To ligate or sclerose: Beginning of a new era in the management of esophageal varices?



Background. Endoscopic sclerotherapy is an accepted treatment for bleeding esophageal varices, but it is associated with substantial local and systemic complications. Endoscopic ligation, a new form of endoscopic treatment for bleeding varices, may be safer. We compared the effectiveness and safety of the two techniques.

Methods. In this randomized trial we compared endoscopic sclerotherapy and endoscopic ligation in 129 patients with cirrhosis who had proved bleeding from esophageal varices. Sixty-five patients were treated with sclerotherapy, and 64 with ligation. Initial treatment for acute bleeding was followed by elective retreatment to eradicate varices. The patients were followed for a mean of 10 months, during which we determined the incidence of complications and recurrences of bleeding, the number of treatments needed to eradicate varices, and survival.
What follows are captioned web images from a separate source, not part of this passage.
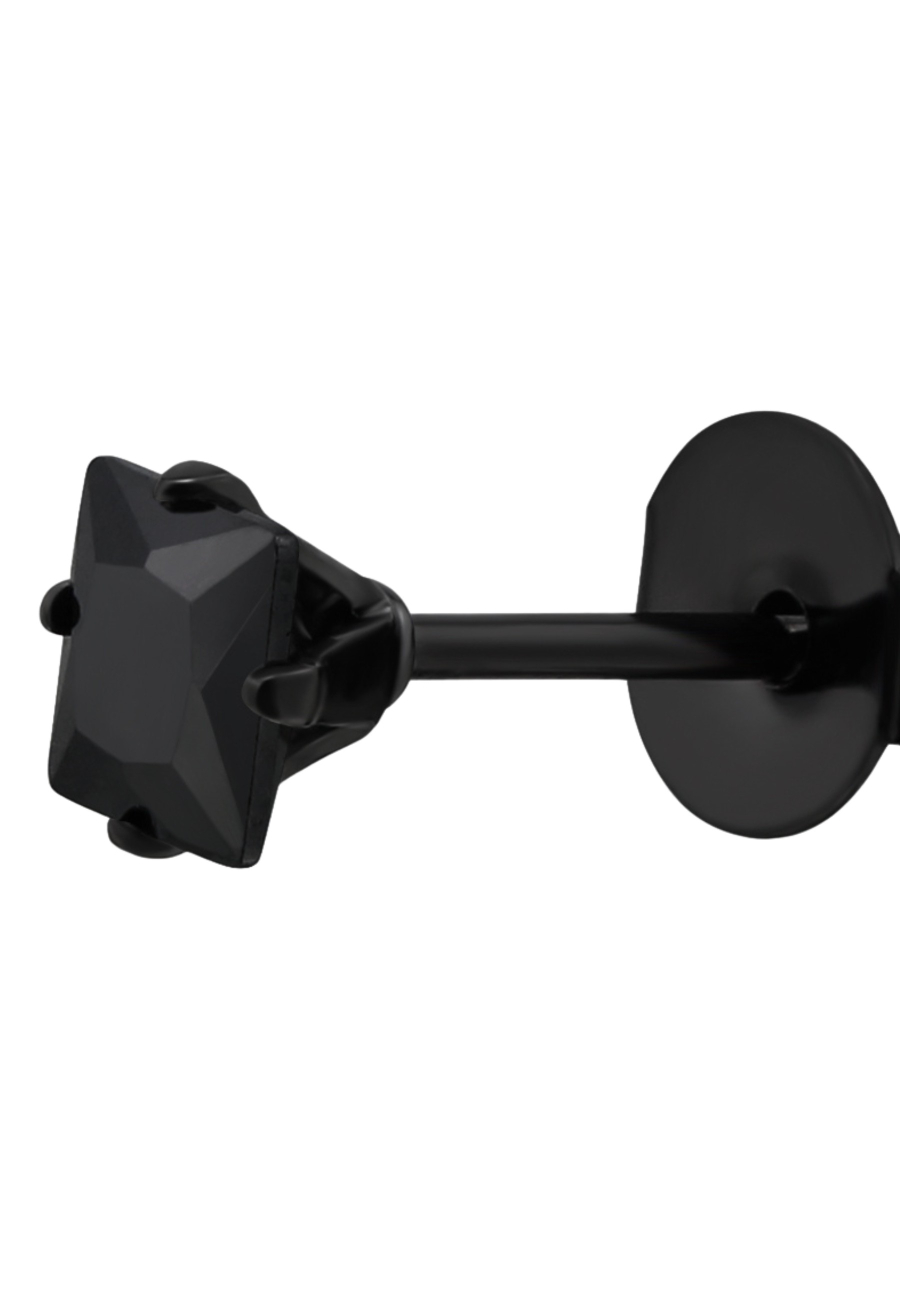 Puces d'Oreilles Carrées 4 mm en Acier Inoxydable avec Zircone Cubique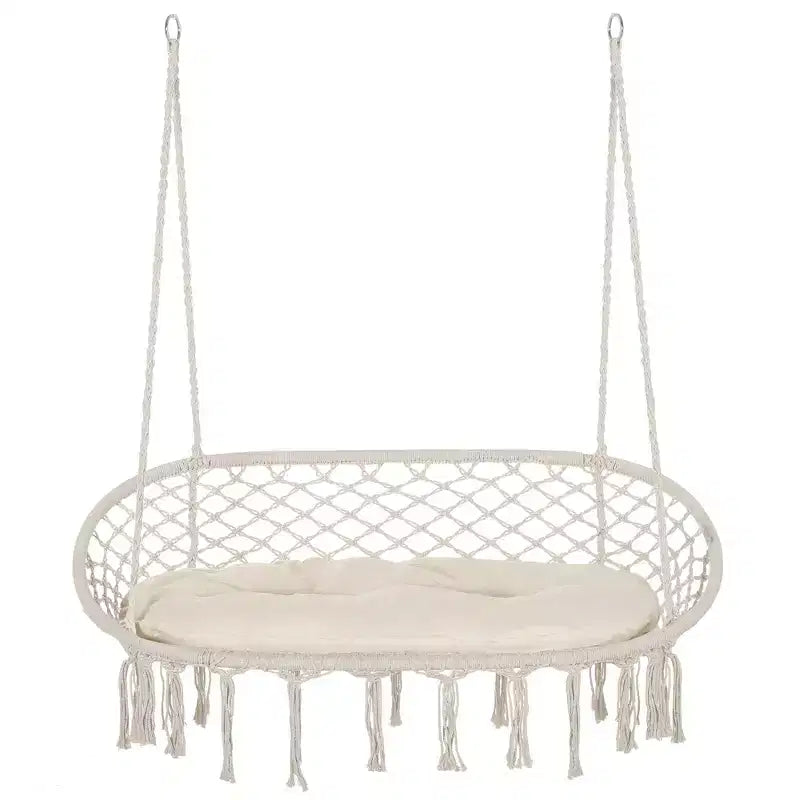 2-Person Hammock Chair Macrame Swing with Soft Cushion, Hanging Cotton Rope Chair for Indoor Outdoor Home Patio Backyard, White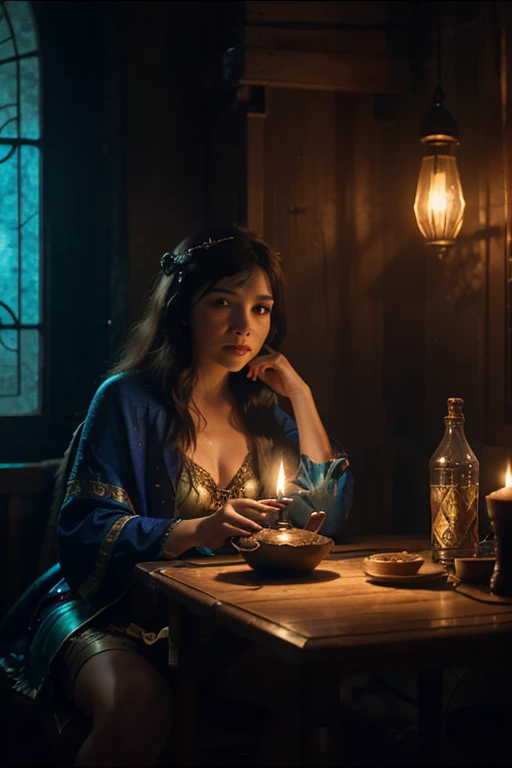 Fantasy short film, magical tavern visuals, retro-inspired cinematic art, AI-generated enchanting music video, magical adventure stories, fantasy storytelling, Panavision 70 retro visuals, wizards and mystical characters, whimsical magical realms, enchanti...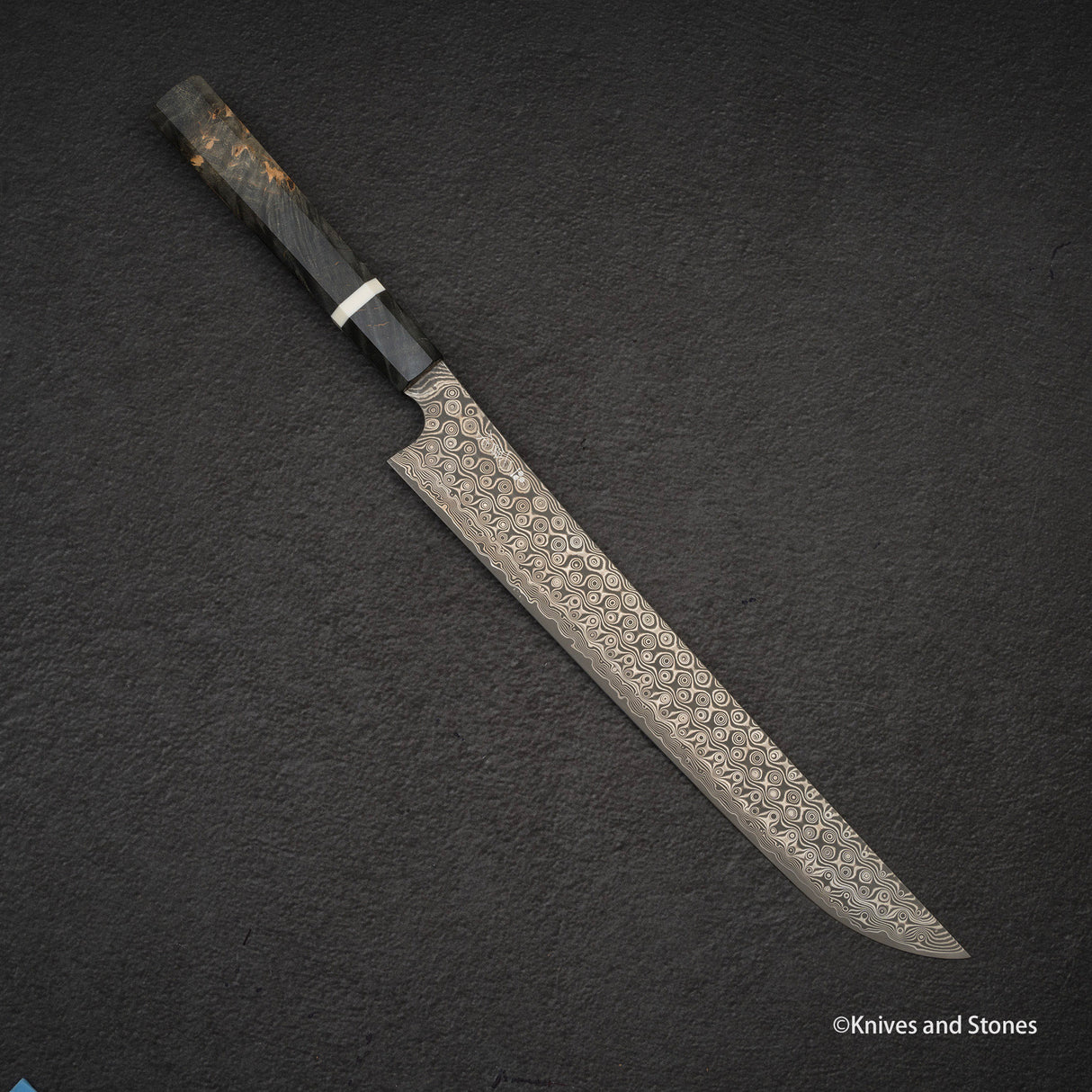 二唐刃物鍛造所 暗紋 SG2 レインドロップダマスカス 先丸筋引 300mm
Results. Active bleeding at the first treatment was controlled by sclerotherapy in 10 of 13 patients (77 percent) and by ligation in 12 of 14 patients (86 percent). Slightly more sclerotherapy-treated patients had recurrent hemorrhage during the study (48 percent vs. 36 percent for the ligation-treated patients, P = 0.072). The eradication of varices required a lower mean (± SD) number of treatments with ligation (4 ± 2 vs. 5 ± 2, P = 0.056) than with sclerotherapy. The mortality rate was significantly higher in the sclerotherapy group (45 percent vs. 28 percent, P = 0.041), as was the rate of complications (22 percent vs. 2 percent, P < 0.001). The complications of sclerotherapy were predominantly esophageal strictures, pneumonias, and other infections.

Conclusions. Patients with cirrhosis who have bleeding esophageal varices have fewer treatment-related complications and better survival rates when they are treated by esophageal ligation than when they are treated by sclerotherapy. N Engl J Med 1992;326:1527–1532.